Any donations of aid or goods are welcome. Items as basic as a month bus pass or a meal voucher can mean the world to a person trying to put one foot in front of the other on a path to a new start.

“A person really needs family support,” ex-prisoner Joe Contreras, 62, said. “If you have that you are really lucky. I had nothing. No clothes, nothing. I had to find leftovers at the laundromat. So clothes are a great idea.”

Contreras, who says he did “Nelson Mandela time,” spent 37 years in prison, nine of those in solitary confinement in places with names such as San Quentin and Chino and 28 in Alaska. With halfway house stays he has been incarcerated for nearly 40 years.

Contreras will be one of six former inmates speaking, all of whom have graduated from the program and are succeeding on the outside.

Contreras’ crimes have included robbery, sexual assault, theft, burglary, and drugs. He escaped nine times; the last was on July 25, 1984, from the very same institution he will speak at Saturday. Contreras was released from prison at 3:10 p.m. on June 25, 2008. Out on discretionary parole he is now completing Computer Aided Design courses and has been promised a job.

“And if you have the community you have a good start,” Contreras said. “The halfway house was great for me. Helping people with jobs is another plus, job training, or just basic course in welding or something in an area they are interested in.”

Jo Ann Lockwood, a 2009 Therapeutic Court graduate, will also speak at the Success program. Lockwood, 55, had an addiction to alcohol and tells inmates “you need to change your thinking, thoughts are chemically bound to emotions like a little library book into your brain. As old thoughts come in, you purge those old emotions out and recreate new thought patterns.”

Lockwood finally hit the wall of addiction after a conviction for drunken driving and when her son was placed into foster care 10 years ago due to her and her husband’s drinking. Sober and on minimum probation, Lockwood has her family back together.

“I hope the men and women getting out take advantage of the people who are sitting in front of them on Saturday,” Lockwood said. “I hope they get their cards and phone numbers, that they reach out.”

Lockwood suggests the community could donate via Salvation Army, or vouchers.

“Mainly what I see is the expense of bus passes or state identification,” Lockwood said. “Even books for the prison library.”

Other speakers and activities will include LCCC superintendent Scott Wellard, Chief Justice of the Alaska Supreme Court Walter Carpenenti, former prisoners discussing how to stop the revolving door to prison, musical stylings of Collette Costa and Scott Burton, and a variety of workshop sessions hosted by members of the community.

Food sponsors include The Island Pub, Bullwinkle’s Pizza, Subway, McDonald’s and a variety of individually made or brought desserts, chips and soft drinks.

A highlight every year is the Dress for Success fashion show in which local dignitaries and LCCC models demonstrate what to wear and what not to wear for job interviews or the first day of work.

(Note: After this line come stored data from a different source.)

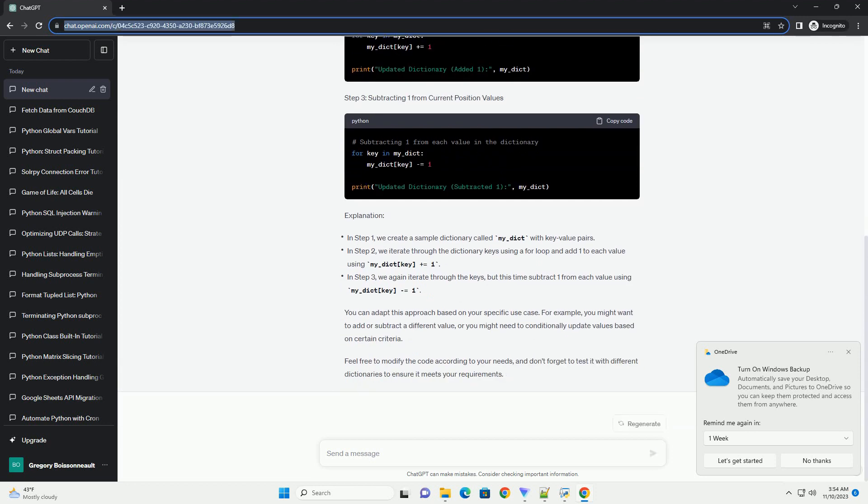Step 1: Creating a Sample Dictionary. Step 2: Adding 1 to Current Position Values. Step 3: Subtracting 1 from Current Position Values.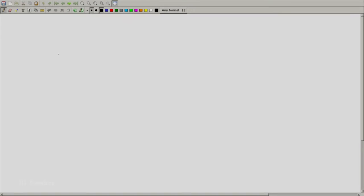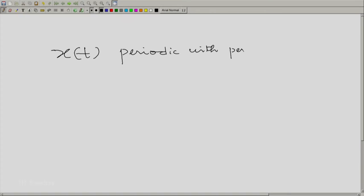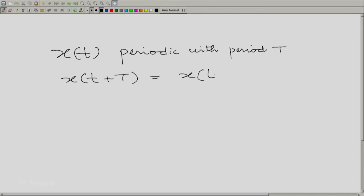Let us assume that we wish to decompose x(t), periodic with period T, which means that x(t + T) = x(t) for all t. I am repeatedly reminding you of the meaning of this symbol — after a while I will stop doing that. You have to understand that this symbol means 'for all'. What we wish to do is to write x(t) in the following form.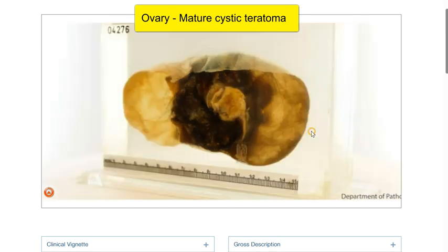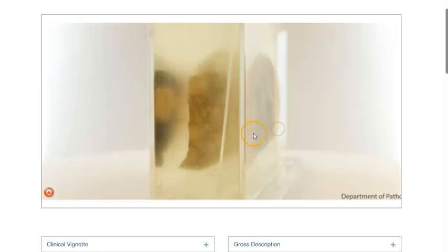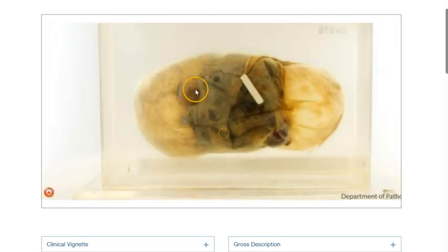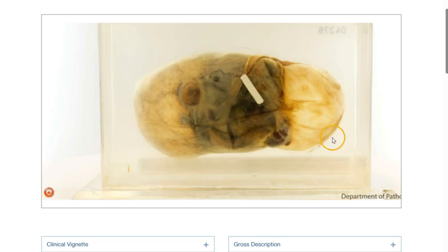Let me just turn this around. This is the capsular surface, and the capsular surface appears to be intact. There is no evidence of rupture here.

Aside from the aforementioned large pants and pink pumps, a variety of items are needed to insure a successful catwalk.

Men’s wear needs include extra-large Docker-style shirts, size 3X T-shirts, size 36 waist Wrangler jeans, size 9 1/2 Western boots and size 12 tennis shoes. For women, the program is asking for size 6 and 8 1/2 heels, size 6 1/2 to 7 flats, size 8-10 pants, size 5 and 10 clothing, a size 6 black pants and jacket combination, size 14 black or brown pants and jacket and size medium blouses and tops.

Other donation ideas for outgoing inmates include watches, cosmetics, toiletries, needles and thread, pens and paper, calendars, calculators, gift certificates, meal vouchers, phone cards, gloves, hats and socks.

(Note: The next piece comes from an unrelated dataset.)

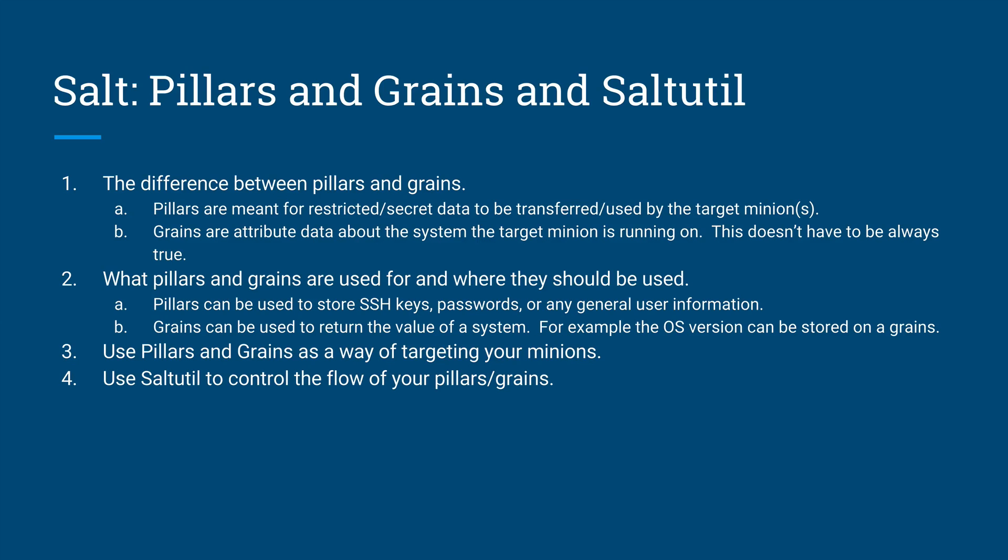SaltUtil is what controls the update or the push of grains and pillars. It's used to like, for example, if you update a grains, you have to make sure it's been applied with saltutil. Same thing goes for pillars, make sure that the pillars are refreshed from the minions. So those are the two main difference between the pillars and the grains.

“It’s hard. Each guy or girl coming out will have a different answer as to what they need or want the most,” Contreras said.

Anyone interested in participating as a speaker, sponsor, prospective employer, or who wishes to donate items can contact Sharon Heidersdorf at 463-4700, Superior Court Judge Patricia Collins at 463-4741, District Court Judge Keith Levy at 463-4730, LCCC’s Scott Wellard at 465-6206 or the LCCC at 465-6200.

Success Inside and Out is sponsored by the Alaska Court System in collaboration with LCCC and Gastineau Human Services.